You are on a speaker-phone with at least fifteen teachers and librarians and suchlike great, wise, and good people, I thought. Do not start swearing like you did when you got the Hugo Award. This was a wise thing to think because otherwise huge, mighty, and four-letter swears were gathering. I mean, that's what they're for. I think I said, You mean it's Monday? And I fumfed and mumbled and said something of a thank you thank you thank you okay this was worth being woken up for nature.
And then the world went mad. Long before my bedside alarm went off I was in a car on my way to the airport, being interviewed by a succession of journalists. "How does it feel to win the Newbery?" they asked me.

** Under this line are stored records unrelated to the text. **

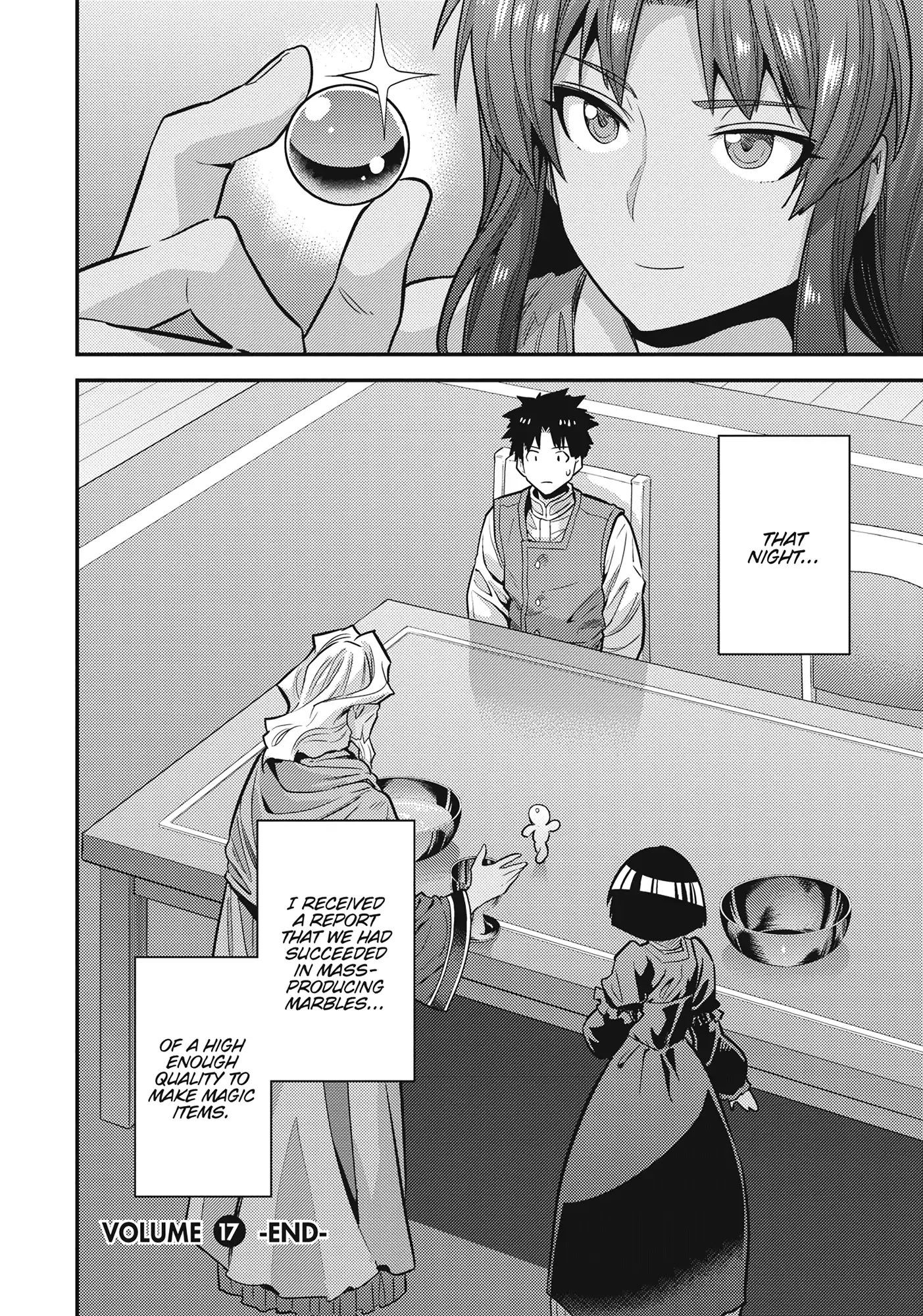 Risou No Himo Seikatsu (novel) Chapter 72 page 43 - 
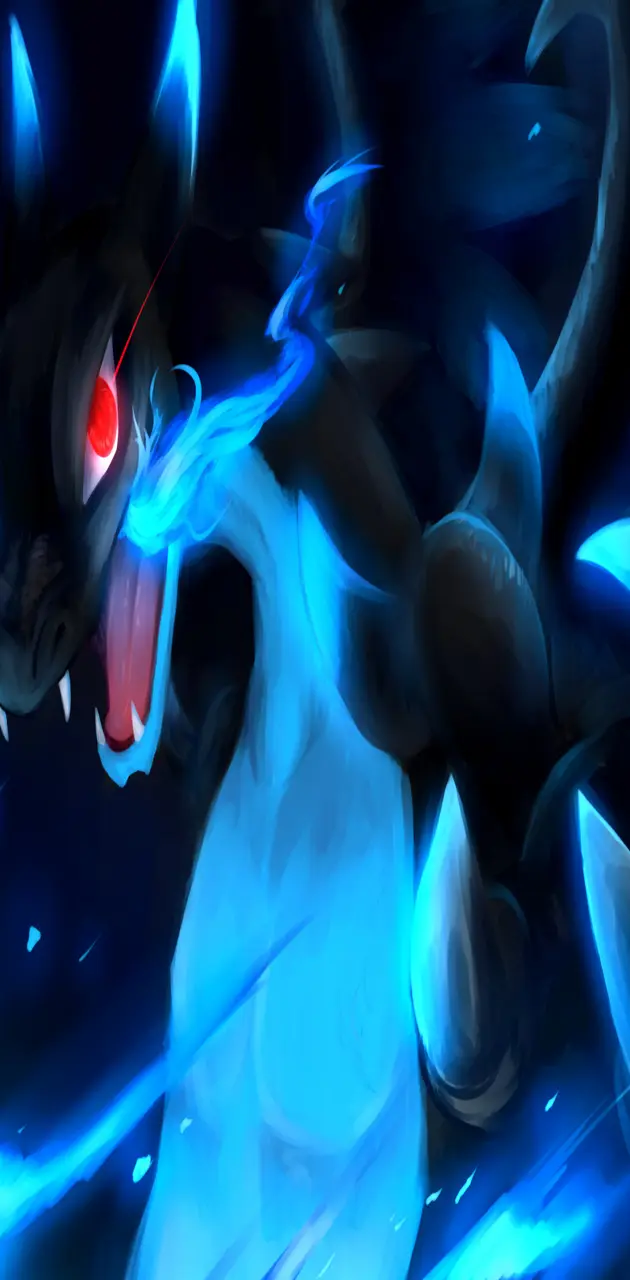 Download Mega Charizard X wallpaper by TheSpawner97 - 30 - Free on ZEDGE™  now. Browse millions of popula…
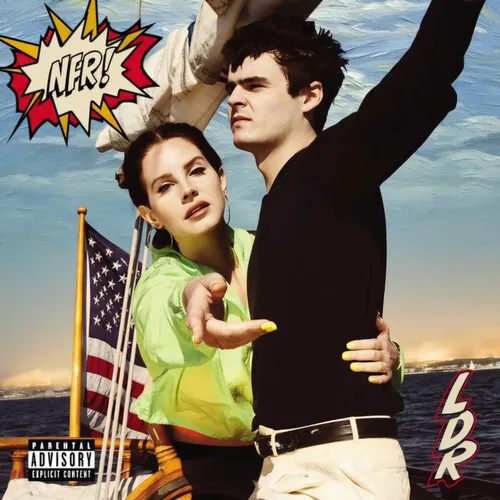 Lana Del Rey - Nfr
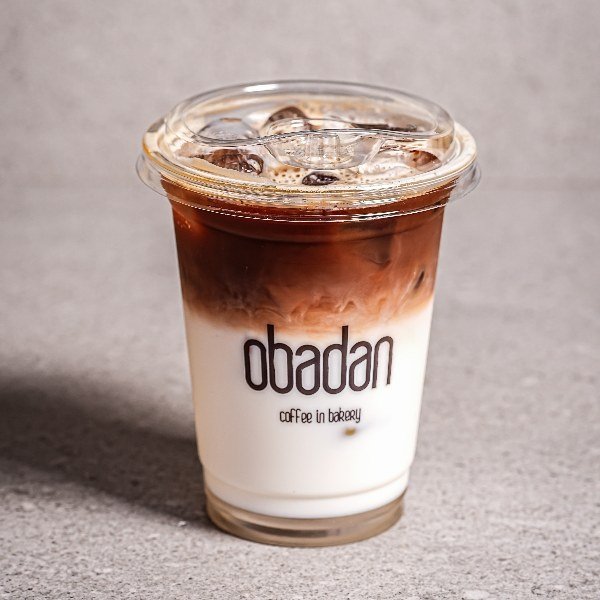 Iced White Mocha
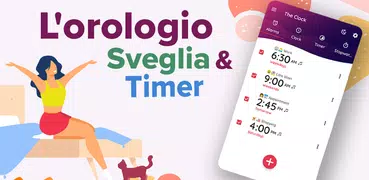 L’orologio: Bellissima Sveglia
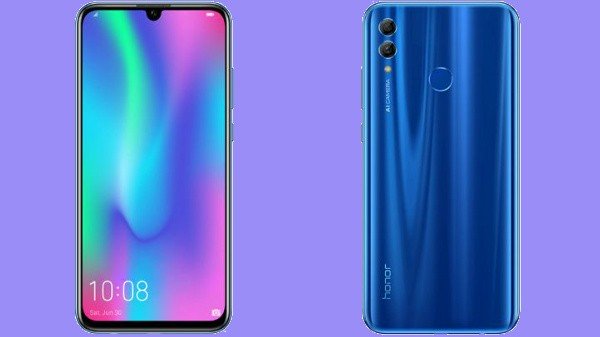 Honor 10 పై 8% డిస్కౌంట్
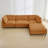 4-Piece Sofa With Ottoman-1131427579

Good, I told them. It felt good.
I had loved A Wrinkle in Time when I was a boy, even if they had messed up the first sentence in the Puffin edition, and it was a Newbery Medal winner, and even though I was English, the medal had been important to me.
And then they asked if I was familiar with the controversy about popular books and Newbery winners, and how did I think I fitted into it? I admitted I was familiar with the discussion.
If you aren't, there had been some online brouhaha about what kinds of books had been winning the Newbery Award recently, and about what kind of book should win the Newbery in the future, and whether awards like the Newbery were for children or for adults. I admitted to one interviewer that The Graveyard Book winning had been a surprise to me, that I had assumed that awards like the Newbery tend to be used to shine a light onto books that needed help, and that The Graveyard Book had not needed help.
I had unwittingly placed myself on the side of populism, and realized afterward that that was not what I had meant at all.
It was as if some people believed there was a divide between the books that you were permitted to enjoy and the books that were good for you, and I was expected to choose sides. We were all expected to choose sides. And I didn't believe it, and I still don't.
I was, and still am, on the side of books you love.
I am writing this speech two months before I will deliver it. My father died about a month ago. It was a surprise. He was in good health, happy, fitter than I am, and his heart ruptured without warning. So, numb and heartsick, I crossed the Atlantic, gave my eulogies, was told by relations I had not seen in a decade just how much I resembled my father, and did what had to be done. And I never cried.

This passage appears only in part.